EXERCISE BRIEF:
Track down every line below that holds "Flower" and copy it.

INPUT DATA START

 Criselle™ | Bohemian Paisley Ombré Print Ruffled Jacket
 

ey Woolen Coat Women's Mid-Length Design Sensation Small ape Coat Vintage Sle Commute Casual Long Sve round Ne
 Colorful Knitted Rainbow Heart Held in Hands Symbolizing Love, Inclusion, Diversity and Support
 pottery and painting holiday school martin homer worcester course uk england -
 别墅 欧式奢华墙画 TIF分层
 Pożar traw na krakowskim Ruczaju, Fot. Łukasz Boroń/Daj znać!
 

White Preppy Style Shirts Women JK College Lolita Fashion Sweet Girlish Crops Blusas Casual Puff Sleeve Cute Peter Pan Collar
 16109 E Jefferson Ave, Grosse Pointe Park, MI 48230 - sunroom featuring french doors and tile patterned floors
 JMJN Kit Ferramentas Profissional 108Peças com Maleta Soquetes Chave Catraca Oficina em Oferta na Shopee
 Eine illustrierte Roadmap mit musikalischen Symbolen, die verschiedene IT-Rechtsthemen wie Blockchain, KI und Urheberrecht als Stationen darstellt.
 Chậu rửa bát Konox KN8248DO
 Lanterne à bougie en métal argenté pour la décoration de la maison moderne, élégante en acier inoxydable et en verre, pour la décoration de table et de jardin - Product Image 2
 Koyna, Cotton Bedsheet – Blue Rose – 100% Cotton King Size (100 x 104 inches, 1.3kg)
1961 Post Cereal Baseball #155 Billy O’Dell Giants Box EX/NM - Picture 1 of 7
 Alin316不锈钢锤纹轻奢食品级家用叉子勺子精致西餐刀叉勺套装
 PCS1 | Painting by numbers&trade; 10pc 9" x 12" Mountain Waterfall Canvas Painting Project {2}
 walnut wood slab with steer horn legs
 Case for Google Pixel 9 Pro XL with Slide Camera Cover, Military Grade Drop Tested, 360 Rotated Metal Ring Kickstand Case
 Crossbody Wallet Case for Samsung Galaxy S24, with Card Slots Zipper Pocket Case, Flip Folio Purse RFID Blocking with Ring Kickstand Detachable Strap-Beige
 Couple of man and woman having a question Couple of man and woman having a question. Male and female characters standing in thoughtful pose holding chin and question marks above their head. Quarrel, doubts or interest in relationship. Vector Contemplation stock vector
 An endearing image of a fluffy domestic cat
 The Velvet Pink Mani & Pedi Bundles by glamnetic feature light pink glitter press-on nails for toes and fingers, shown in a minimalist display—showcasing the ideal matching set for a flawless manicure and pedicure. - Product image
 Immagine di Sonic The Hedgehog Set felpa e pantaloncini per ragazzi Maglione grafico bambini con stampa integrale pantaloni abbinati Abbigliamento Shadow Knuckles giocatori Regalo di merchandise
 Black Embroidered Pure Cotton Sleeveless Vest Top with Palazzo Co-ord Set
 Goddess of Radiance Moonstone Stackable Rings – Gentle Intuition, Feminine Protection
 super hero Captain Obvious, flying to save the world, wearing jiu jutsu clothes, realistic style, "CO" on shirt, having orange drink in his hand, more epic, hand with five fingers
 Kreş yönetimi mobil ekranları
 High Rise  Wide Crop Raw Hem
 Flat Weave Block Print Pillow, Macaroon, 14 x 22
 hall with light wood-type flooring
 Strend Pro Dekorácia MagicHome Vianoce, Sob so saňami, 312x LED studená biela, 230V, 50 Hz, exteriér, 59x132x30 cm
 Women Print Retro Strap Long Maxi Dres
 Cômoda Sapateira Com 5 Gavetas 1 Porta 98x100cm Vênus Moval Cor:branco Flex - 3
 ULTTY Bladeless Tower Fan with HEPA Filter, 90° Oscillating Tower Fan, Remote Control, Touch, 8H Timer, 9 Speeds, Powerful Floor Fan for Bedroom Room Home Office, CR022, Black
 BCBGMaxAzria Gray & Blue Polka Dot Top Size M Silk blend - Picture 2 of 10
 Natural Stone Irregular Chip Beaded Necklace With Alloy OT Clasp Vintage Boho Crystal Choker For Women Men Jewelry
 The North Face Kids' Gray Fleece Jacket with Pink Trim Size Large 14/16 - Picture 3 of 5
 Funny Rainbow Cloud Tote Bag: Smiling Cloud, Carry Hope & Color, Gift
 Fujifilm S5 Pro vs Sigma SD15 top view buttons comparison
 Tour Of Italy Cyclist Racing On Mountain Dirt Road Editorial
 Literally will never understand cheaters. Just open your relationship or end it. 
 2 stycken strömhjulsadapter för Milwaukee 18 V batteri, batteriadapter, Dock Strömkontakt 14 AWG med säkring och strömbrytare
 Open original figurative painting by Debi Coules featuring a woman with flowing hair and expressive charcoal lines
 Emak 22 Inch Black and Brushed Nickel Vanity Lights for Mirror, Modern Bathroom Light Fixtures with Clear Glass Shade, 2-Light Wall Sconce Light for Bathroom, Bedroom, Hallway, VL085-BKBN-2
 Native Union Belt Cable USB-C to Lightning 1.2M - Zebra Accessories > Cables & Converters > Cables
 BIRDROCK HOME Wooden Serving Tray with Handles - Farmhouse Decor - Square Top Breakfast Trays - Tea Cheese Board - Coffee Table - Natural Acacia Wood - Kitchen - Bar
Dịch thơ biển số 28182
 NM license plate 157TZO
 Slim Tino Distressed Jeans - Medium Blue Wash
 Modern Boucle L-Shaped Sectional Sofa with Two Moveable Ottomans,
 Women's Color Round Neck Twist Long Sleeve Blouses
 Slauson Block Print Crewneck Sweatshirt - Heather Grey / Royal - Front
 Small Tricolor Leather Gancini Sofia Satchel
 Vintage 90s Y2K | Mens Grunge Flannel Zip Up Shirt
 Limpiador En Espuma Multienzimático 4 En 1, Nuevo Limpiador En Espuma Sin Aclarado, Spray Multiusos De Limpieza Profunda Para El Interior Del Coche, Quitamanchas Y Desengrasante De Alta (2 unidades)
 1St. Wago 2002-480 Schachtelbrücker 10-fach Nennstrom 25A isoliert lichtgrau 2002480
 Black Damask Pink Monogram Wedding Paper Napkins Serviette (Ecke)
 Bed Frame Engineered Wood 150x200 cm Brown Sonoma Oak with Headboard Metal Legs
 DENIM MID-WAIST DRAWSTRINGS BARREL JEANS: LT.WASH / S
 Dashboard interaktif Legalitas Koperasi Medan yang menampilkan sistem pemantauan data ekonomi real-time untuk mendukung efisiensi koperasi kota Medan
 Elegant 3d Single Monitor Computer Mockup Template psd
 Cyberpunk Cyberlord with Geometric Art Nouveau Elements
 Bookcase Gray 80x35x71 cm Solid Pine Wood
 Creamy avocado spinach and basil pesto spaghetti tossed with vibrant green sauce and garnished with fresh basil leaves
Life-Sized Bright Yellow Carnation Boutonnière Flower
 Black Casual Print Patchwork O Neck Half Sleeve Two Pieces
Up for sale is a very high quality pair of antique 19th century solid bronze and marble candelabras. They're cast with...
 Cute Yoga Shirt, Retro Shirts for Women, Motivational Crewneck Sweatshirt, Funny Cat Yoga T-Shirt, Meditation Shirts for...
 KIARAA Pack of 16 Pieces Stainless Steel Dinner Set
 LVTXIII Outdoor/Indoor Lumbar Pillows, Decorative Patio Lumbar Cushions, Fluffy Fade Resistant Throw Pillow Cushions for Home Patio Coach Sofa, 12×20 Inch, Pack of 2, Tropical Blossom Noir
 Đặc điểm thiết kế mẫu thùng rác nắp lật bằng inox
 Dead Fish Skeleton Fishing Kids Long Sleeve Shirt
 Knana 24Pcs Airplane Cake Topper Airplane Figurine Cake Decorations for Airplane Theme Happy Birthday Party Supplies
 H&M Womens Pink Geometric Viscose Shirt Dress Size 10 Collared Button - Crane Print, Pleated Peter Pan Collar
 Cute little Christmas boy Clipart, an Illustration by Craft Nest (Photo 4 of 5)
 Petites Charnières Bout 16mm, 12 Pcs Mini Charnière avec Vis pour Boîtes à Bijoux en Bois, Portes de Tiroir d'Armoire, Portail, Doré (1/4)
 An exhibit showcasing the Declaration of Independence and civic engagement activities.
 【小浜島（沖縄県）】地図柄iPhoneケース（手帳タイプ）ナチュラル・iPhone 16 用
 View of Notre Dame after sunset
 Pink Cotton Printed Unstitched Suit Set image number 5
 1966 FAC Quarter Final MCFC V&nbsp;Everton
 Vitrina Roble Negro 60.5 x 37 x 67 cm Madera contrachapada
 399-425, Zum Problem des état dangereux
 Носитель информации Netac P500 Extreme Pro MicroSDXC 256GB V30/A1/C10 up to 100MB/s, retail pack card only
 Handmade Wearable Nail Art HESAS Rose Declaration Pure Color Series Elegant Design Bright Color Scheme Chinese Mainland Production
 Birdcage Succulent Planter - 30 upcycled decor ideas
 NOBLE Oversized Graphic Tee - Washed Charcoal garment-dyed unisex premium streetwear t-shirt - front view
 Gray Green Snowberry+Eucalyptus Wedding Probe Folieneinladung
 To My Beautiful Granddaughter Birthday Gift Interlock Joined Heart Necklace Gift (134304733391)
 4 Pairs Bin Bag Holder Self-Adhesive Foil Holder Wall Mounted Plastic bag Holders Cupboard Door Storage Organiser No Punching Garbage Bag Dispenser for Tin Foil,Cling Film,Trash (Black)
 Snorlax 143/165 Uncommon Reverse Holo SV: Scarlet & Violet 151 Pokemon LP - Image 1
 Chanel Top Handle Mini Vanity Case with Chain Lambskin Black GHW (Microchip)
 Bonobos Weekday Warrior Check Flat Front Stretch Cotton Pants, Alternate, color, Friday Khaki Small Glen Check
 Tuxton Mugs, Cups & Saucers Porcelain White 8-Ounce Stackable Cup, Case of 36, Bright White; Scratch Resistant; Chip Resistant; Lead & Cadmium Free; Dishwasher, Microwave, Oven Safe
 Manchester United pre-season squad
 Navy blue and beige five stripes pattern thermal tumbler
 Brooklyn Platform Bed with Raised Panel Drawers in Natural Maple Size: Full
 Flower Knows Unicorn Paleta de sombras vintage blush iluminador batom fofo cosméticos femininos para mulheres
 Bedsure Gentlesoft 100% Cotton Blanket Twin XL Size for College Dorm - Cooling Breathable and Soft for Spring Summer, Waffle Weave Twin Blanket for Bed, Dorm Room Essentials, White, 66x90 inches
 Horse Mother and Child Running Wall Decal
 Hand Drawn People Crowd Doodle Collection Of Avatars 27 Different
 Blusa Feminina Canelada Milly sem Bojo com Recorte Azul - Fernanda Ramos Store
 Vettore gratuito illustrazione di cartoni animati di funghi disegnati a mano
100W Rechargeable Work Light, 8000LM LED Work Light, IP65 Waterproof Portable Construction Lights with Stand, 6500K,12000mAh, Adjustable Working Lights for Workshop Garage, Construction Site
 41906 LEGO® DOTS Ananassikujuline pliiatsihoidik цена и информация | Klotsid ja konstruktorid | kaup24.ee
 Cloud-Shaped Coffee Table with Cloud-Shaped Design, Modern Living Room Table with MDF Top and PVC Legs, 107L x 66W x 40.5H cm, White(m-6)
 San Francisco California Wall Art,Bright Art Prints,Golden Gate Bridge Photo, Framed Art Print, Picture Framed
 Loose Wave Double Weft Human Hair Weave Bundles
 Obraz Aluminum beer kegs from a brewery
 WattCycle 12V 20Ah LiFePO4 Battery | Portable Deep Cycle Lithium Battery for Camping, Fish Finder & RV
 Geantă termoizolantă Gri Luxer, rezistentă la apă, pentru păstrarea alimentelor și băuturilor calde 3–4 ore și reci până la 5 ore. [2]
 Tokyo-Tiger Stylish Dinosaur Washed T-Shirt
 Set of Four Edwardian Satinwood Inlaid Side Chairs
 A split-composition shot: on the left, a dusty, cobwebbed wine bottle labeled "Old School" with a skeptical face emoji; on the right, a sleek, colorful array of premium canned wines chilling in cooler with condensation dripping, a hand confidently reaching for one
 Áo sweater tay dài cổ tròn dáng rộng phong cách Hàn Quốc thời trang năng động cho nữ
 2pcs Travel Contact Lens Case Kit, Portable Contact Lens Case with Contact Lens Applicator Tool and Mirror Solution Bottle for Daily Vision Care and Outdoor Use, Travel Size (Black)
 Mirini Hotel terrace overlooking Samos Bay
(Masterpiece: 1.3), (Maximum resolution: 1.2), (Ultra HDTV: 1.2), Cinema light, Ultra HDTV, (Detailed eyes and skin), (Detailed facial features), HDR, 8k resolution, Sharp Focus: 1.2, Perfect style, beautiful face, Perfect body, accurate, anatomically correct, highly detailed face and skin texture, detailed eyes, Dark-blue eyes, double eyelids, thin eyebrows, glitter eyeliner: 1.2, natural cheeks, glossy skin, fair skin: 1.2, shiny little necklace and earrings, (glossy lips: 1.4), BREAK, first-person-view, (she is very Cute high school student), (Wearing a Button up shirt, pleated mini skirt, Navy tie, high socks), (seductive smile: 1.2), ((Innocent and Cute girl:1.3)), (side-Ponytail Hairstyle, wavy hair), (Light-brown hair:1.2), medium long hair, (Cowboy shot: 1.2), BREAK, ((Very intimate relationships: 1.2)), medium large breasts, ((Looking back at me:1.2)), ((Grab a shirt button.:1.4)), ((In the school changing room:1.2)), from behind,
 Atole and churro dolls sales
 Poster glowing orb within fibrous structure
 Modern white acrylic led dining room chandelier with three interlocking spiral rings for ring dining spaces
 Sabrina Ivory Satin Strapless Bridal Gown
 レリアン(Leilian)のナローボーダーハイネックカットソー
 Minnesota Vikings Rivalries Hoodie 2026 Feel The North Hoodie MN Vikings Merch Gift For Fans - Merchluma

INPUT DATA END

SOLUTION BELOW:
Life-Sized Bright Yellow Carnation Boutonnière Flower
 Flower Knows Unicorn Paleta de sombras vintage blush iluminador batom fofo cosméticos femininos para mulheres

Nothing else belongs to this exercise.